Zamoyski emphasizes that calling the Battle of Warsaw the "Miracle on the Vistula" is unjustified, because the victory of Polish troops was not a miracle or accident. He said: “First of all, Piłsudski led the entire offensive from the Wieprz River very decisively and well, the plan was great, but the Russian troops were also at their end of strength, because this long, 600-kilometre fast march towards Warsaw exhausted them and disorganized them so much that they were not able to resist or regroup, and only panic on the Polish side could open the gates to Warsaw for them.

“If we are looking for a miracle, it was rather the fact that Polish society, which was after more than 100 years of partitions and which, to a large extent, was not native to Poland, managed to stand together in defence of this long-awaited independence. The fact that everything worked smoothly, trains ran, the army did not collapse, the civilian population helped, the administration did not fail, and the newly established state institutions functioned. This proved that Poles deserved this newly regained independence and it was not a romantic dream of a small elite, but really a dream of the vast majority of the population.”

According to the historian, although the Battle of Warsaw was key to stopping the Bolshevik offensive, it did not enter the general consciousness in the West, not even in the UK, despite the fact that British politician and diplomat Edgar Vincent, Viscount D'Abernon, recognized it as the 18th most decisive battle in the history of the world. 

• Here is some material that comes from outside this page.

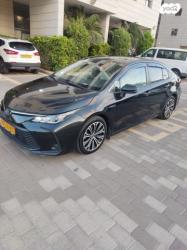 טויוטה קורולה הייבריד Limited סדאן אוט' 1.8 (98 כ''ס) בנזין 2019 ל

He explains this by the fact that just as the Bolshevik threat suddenly appeared in July-August 1920, it was stopped just as quickly by Piłsudski, so apart from some statesmen, few realized the possible consequences. As a result, the event has never actually taken root in the consciousness of Western public opinion.

Zamoyski believes that this ignorance does not only concern the Battle of Warsaw, because the average Brit, when asked in the street, knows nothing about the Battle of Waterloo. On the other hand, Zamoyski believes that thanks to his books published in English and Norman Davies' White Eagle, Red Star, among people interested in history, the knowledge of this subject is still much greater in the Anglo-Saxon world than, for example, in France.

Adam Zamoyski is a British-Polish historian, writer and publicist, author of several books on the history of Poland and the history of Europe in the 19th century, including two devoted to the Polish-Soviet war" The Battle for the Marchlands, A history of the 1920 Polish-Soviet War and Warsaw 1920. Lenin's Failed Conquest of Europe. He regularly publishes in major British newspapers and lives in London.